T-prog3 avatar Feb 06 '22 22:02 T-prog3

This blog downloads without problems here. Even if I try to emulate your situation by adapting the settings and blog file accordingly, it downloads the posts until the one from last time and stops. I don't know what could be the difference to your system.

You could backup the blog's download folder and its two blog files. Then you can add the blog again and see, whether the blog works again and download the missing new posts. Later you can close the app and merge in the backed up files and the already downloaded entries in "blog"_files.twitter from the copy to the current one (just all entries, a few duplicates are ok).

thomas694 avatar Feb 08 '22 20:02 thomas694

Report from start to end:

  1. I just downloaded the latest TumblThree-v2.5.1-x64-Application.zip
  2. Unzipped and opened TumblThree.exe
  3. Without changing any default settings at all i added some random users with large amount of tweets (5000+)
  4. Enqueued all added users and pressed Crawl
  5. It started to download files from the first user
  6. Got 4151 files (3944 video/images + texts.txt)
  7. Then the error occurred. Error 1: Limit exceeded: username You should lower the connections to tumblr API in the Settings ->Connection pane.
  8. Apparently this twitter user had 50864 posts so nowhere near completion and still 3 other users to go.
  9. Waited until waiting until date/time
  10. Got a new waiting until date/time
  11. I pressed Stop
  12. Got a new status saying Calculating unique downloads, removing duplicates ...
  13. This took forever and 20 minutes later i terminated the software.
  14. Started the software again
  15. Enqueued all users again and pressed Crawl
  16. It started with the same first user again But this time showed something about File Already downloaded.... Skipping
  17. It got to the point where it started to download some new files
  18. Now i have 4174 files downloaded (3964 video/images + texts.txt)
  19. After these 23!!!! (20 video/images) new files was downloaded the error occurred again.
  20. Error 1: Limit exceeded: username You should lower the connections to tumblr API in the Settings ->Connection pane.
  21. Terminated the software

Conclusions:

  1. The twitter part of the software works to a certain limit. But will take forever to get any files beyond the limit. With only 20 new files the second time around it will take days to complete the first user if it ever succeed to the finish line.

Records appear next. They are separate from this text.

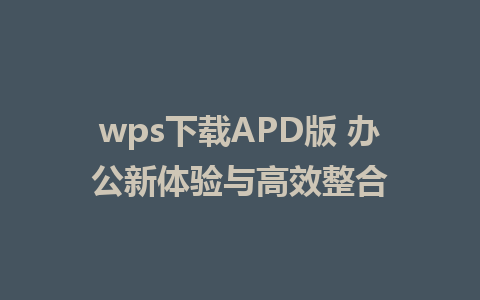 wps下载APD版 办公新体验与高效整合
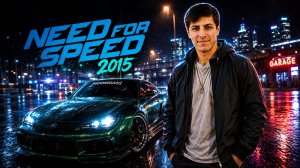 Need for Speed 2015 Прохождение Часть 2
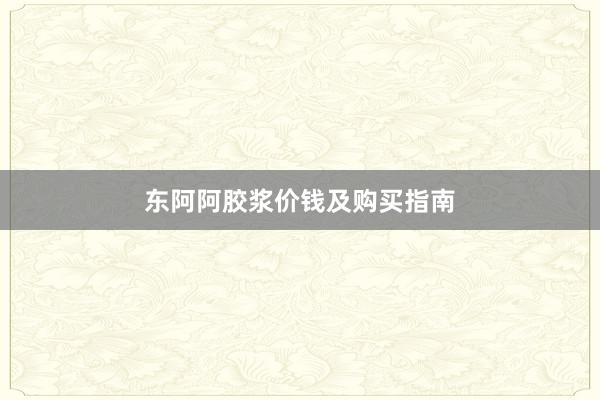 东阿阿胶浆价钱及购买指南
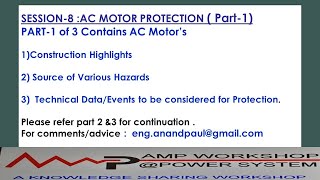 SESSION-8 PART-1 :AC Motor Protection( Construction, Hazards, Protection data &Various Protections)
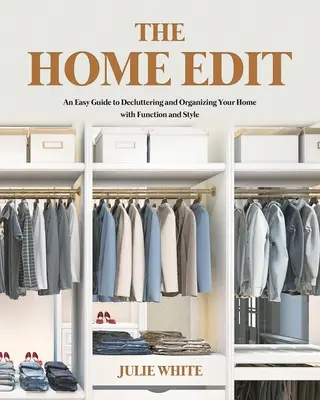 Úprava domácnosti: Snadný průvodce vyklízením a uspořádáním domácnosti s funkčností a stylem (The Home Edit: An Easy Guide to Decluttering and Organizing Your Home with Function and Style) - The Home Edit: An Easy Guide to Decluttering and Organizing Your Home with Function and Style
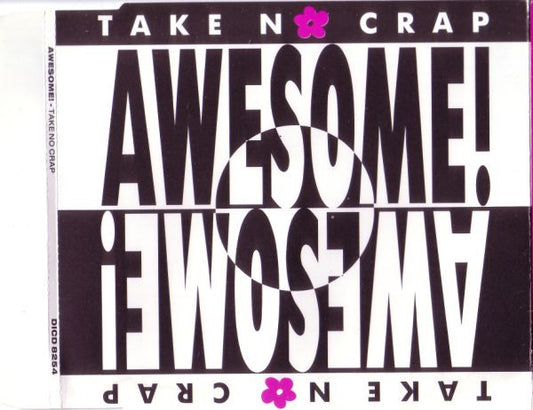 Awesome! : Take No Crap (CD, Maxi)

  2. All skipped files seems to be counted as a request that adds to the limit counter.

Log: No TumblThree.log to be found in the TumblThree-v2.5.1-x64-Application folder.

T-prog3 avatar Feb 08 '22 23:02 T-prog3

Ok, but now we are talking about a different thing, isn't it? It's no longer about downloading a few dozen recent posts, but downloading historic posts (resp. complete blogs). Twitter doesn't want more posts than a certain limit to be downloaded. Obviously they changed something. We have to see, whether we can find a solution or not.

The download of the "post lists" counts towards the limit, whether a post's media is downloaded or skipped.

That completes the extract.